## TASK TO CARRY OUT
All lines at or after the one containing "Baby Blanket Cushion Pram", up to the last line of the material, must be repeated exactly, and no others.

## EXERCISE DATA
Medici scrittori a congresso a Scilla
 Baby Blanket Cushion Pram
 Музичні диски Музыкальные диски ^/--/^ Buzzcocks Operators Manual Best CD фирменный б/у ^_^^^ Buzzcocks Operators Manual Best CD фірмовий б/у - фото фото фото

## TASK SOLUTION
 Baby Blanket Cushion Pram
 Музичні диски Музыкальные диски ^/--/^ Buzzcocks Operators Manual Best CD фирменный б/у ^_^^^ Buzzcocks Operators Manual Best CD фірмовий б/у - фото фото фото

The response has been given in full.